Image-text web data
--- START ---

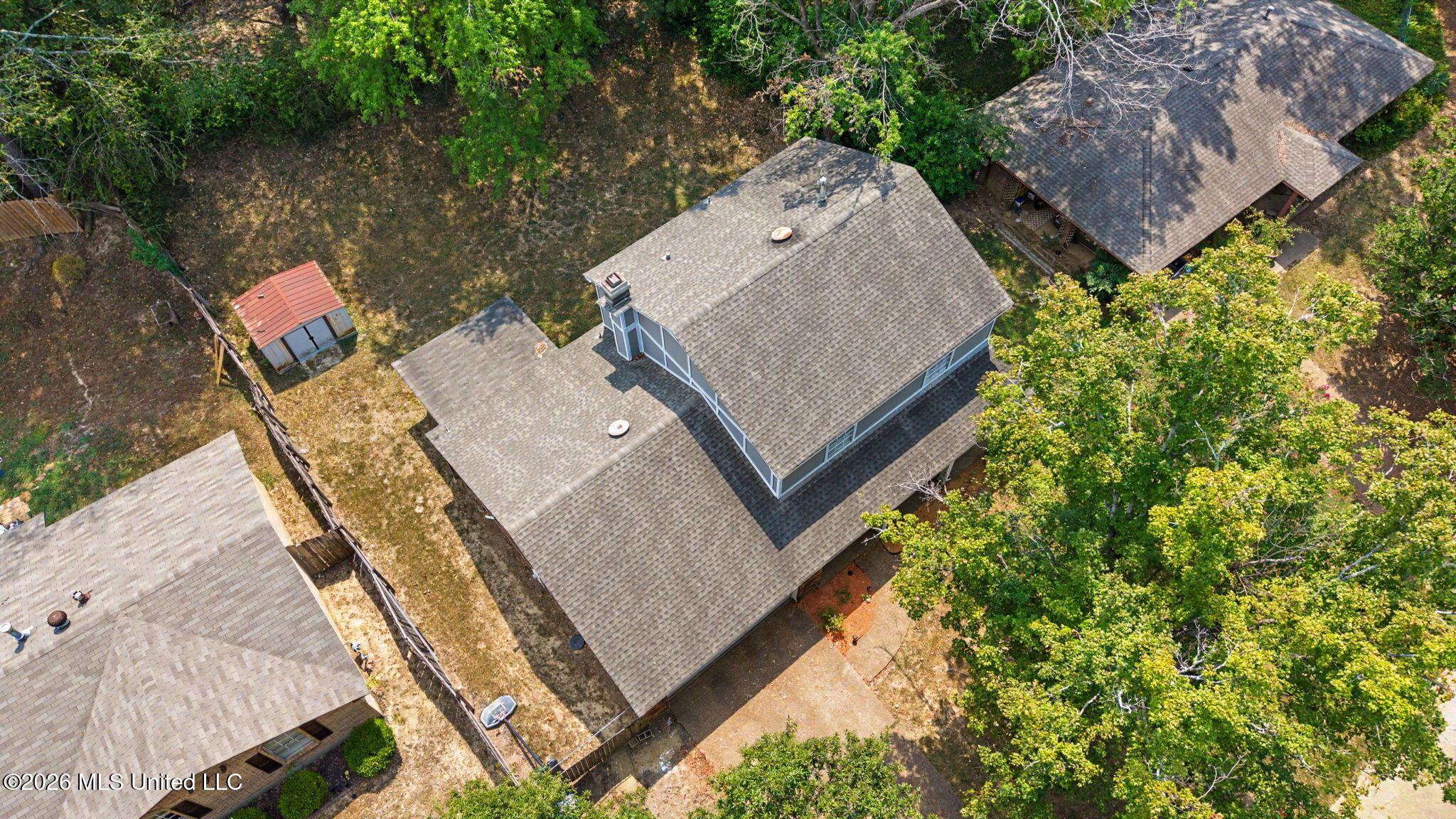 5797 Redbud Cove Property Photo 29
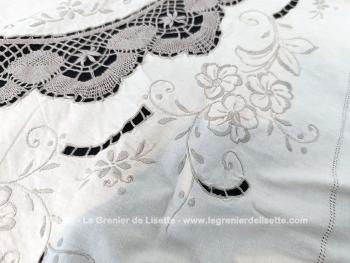 Belle nappe ronde en coton écru de 160 cm de diamètre décorées par de belles broderies simples et ajourées, et habillée par des incrustations de dentelles couleur taupe réalisées au crochet. Superbe.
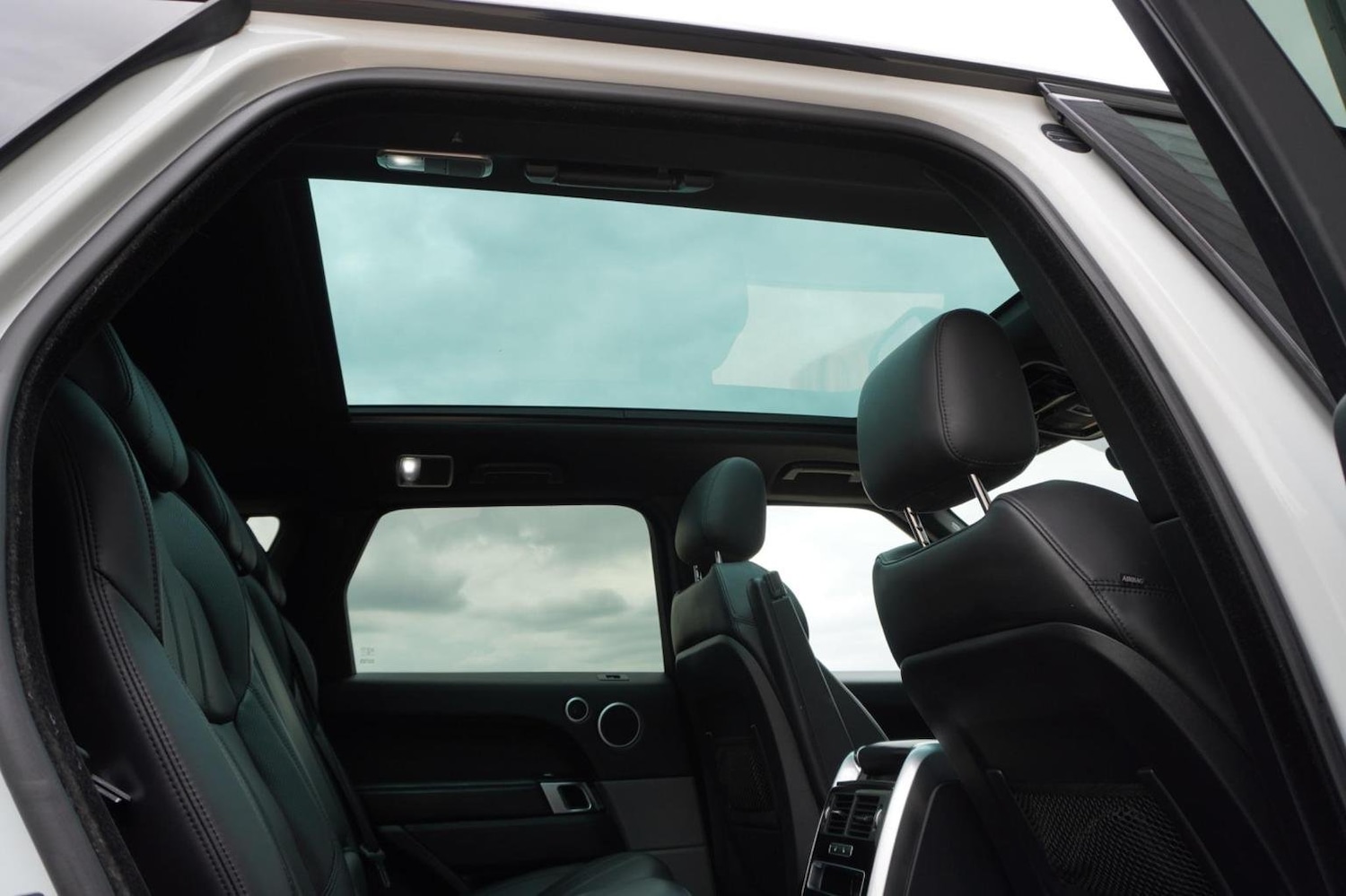 Used Land Rover Range Rover Sport 2017 for sale - 76198157: Photo 39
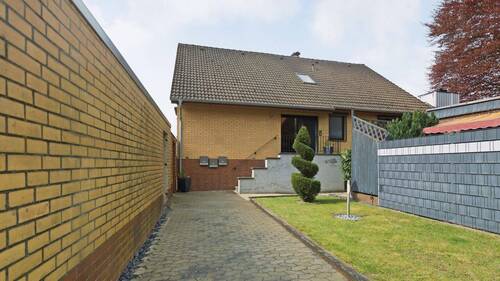 Vorderansicht - 9 Zimmer Mehrfamilienhaus, Wohnhaus zum Kaufen in Neustadt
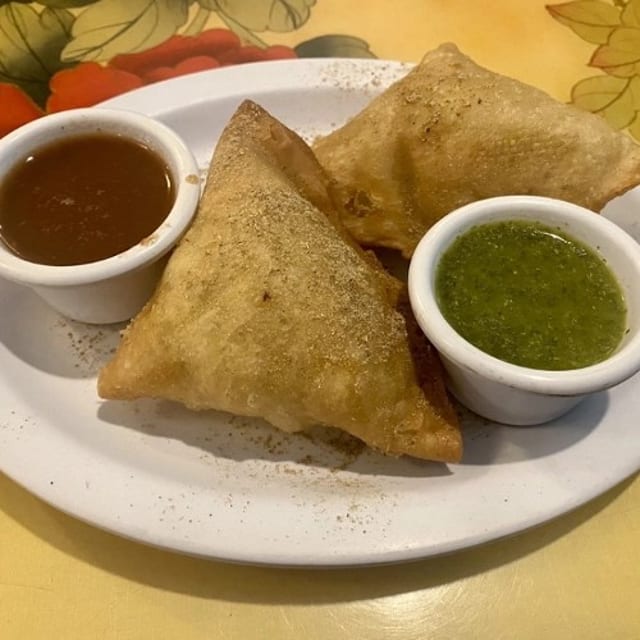 Vegetable Samosa.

--- END ---

#### Description of the task
Within the entries above, the lines from the one with "Vorderansicht - 9" through the final line are to be printed exactly, with the pictures removed.

#### Response box
 Vorderansicht - 9 Zimmer Mehrfamilienhaus, Wohnhaus zum Kaufen in Neustadt
 Vegetable Samosa.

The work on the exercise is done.